My first thought is that you are doing a select top serviceid from (select *....) and the optimizer may have difficulty pushing the query down to the inner queries and making using of the index.
Consider rewriting it as
select top 10 ServiceRequestID
from big_table_1
inner join big_table_2 cap2
on cap1.servicerequestid = cap2.customerreferencenumber
and big_table_1.statusid = 2
In your query, the database is probably trying to merge the results and return them and THEN limit it to the top 10 in the outer query. In the above query the database will only have to gather the first 10 results as results are being merged, saving loads of time. And if servicerequestID is indexed, it will be sure to use it. In your example, the query is looking for the servicerequestid column in a result set that has already been returned in a virtual, unindexed format.
Hope that makes sense. While hypothetically the optimizer is supposed to take whatever format we put SQL in and figure out the best way to return values every time, the truth is that the way we put our SQL together can really impact the order in which certain steps are done on the DB.
SELECT TOP is slow, regardless of ORDER BY
Why is doing a top(1) on an indexed column in SQL Server slow?

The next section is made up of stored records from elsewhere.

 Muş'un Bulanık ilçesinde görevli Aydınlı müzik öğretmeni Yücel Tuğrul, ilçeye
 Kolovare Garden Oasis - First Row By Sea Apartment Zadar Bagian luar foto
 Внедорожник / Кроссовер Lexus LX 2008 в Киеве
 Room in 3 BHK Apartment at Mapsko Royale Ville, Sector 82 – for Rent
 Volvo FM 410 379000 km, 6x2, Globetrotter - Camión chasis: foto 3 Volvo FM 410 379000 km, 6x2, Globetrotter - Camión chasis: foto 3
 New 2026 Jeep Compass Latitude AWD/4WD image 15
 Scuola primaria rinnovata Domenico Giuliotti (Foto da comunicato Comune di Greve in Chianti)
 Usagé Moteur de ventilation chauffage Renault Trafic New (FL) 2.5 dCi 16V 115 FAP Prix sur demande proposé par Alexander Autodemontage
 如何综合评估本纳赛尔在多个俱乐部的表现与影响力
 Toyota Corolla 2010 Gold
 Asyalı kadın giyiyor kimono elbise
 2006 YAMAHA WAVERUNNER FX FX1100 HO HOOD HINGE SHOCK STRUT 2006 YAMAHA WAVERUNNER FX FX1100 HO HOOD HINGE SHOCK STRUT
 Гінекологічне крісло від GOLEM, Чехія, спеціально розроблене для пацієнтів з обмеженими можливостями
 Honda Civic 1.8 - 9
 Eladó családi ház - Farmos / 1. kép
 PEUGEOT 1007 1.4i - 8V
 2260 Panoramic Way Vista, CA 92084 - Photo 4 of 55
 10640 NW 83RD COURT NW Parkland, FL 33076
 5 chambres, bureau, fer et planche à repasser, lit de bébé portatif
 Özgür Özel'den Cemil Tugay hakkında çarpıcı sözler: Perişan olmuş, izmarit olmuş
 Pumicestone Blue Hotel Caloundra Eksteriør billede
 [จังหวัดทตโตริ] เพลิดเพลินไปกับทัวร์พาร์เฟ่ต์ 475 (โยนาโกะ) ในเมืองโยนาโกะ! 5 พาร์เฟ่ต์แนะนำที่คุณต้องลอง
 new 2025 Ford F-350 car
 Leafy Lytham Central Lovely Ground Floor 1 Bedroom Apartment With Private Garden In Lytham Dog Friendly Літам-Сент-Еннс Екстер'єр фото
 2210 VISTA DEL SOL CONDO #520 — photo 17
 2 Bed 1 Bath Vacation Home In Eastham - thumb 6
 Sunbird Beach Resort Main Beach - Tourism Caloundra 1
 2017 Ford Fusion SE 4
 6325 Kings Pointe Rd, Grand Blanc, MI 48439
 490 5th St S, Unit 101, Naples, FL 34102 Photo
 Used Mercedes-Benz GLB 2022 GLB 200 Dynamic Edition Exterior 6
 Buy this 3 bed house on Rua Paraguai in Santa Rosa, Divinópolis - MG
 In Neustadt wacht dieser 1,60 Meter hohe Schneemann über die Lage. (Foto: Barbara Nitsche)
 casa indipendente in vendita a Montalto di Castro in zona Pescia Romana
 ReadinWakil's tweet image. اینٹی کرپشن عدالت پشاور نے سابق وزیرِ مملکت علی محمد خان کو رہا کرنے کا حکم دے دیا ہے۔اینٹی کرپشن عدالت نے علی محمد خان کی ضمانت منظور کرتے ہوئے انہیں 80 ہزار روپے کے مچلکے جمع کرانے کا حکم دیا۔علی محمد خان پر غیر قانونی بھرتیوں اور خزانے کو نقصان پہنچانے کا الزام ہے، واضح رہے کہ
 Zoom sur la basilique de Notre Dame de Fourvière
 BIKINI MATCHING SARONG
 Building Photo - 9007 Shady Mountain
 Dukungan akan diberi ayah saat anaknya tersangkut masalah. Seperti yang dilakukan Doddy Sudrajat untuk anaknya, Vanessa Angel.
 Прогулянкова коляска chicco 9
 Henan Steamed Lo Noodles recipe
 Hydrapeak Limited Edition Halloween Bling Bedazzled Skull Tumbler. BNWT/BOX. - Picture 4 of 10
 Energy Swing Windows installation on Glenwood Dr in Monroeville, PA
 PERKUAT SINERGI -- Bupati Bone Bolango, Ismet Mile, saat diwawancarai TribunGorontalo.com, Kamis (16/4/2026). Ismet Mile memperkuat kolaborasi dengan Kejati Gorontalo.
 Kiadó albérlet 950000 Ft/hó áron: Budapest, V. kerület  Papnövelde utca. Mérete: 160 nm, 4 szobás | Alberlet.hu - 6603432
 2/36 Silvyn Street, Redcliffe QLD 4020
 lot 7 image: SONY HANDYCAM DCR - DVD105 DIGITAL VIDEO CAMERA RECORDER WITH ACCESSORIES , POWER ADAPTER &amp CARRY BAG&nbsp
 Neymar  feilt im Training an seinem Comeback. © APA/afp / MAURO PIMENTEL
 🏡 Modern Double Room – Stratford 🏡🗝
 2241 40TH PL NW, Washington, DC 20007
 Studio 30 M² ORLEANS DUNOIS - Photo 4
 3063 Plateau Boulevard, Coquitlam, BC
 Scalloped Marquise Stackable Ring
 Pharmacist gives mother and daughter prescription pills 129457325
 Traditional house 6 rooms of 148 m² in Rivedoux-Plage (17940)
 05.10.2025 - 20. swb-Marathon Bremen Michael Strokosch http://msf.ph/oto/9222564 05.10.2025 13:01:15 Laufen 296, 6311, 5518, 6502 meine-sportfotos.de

I had a similar problem with a query like yours. The query ordered but without the top clause took 1 sec, same query with top 3 took 1 minute.
I saw that using a variable for the top it worked as expected.
The code for your case:
declare #top int = 10;
select top (#top) ServiceRequestID
from
(
(select *
from big_table_1
where big_table_1.StatusId=2
) cap1
inner join
big_table_2 cap2
on cap1.ServiceRequestID = cap2.CustomerReferenceNumber
)

I cant explain why but I can give an idea:
try adding SET ROWCOUNT 10 before your query. It helped me in some cases. Bear in mind that this is a scope setting so you have to set it back to its original value after running your query.
Explanation:
SET ROWCOUNT: Causes SQL Server to stop processing the query after the specified number of rows are returned.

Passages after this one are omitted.